## Collected data
===============
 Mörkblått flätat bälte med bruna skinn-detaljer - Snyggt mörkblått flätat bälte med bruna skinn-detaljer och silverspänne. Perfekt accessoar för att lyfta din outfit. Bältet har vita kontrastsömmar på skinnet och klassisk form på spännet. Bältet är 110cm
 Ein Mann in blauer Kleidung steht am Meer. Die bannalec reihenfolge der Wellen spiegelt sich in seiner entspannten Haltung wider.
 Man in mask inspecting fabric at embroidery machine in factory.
===============
## Task directions
Retype all of the listing exactly, leaving out no line.

## Response to the task
 Mörkblått flätat bälte med bruna skinn-detaljer - Snyggt mörkblått flätat bälte med bruna skinn-detaljer och silverspänne. Perfekt accessoar för att lyfta din outfit. Bältet har vita kontrastsömmar på skinnet och klassisk form på spännet. Bältet är 110cm
 Ein Mann in blauer Kleidung steht am Meer. Die bannalec reihenfolge der Wellen spiegelt sich in seiner entspannten Haltung wider.
 Man in mask inspecting fabric at embroidery machine in factory.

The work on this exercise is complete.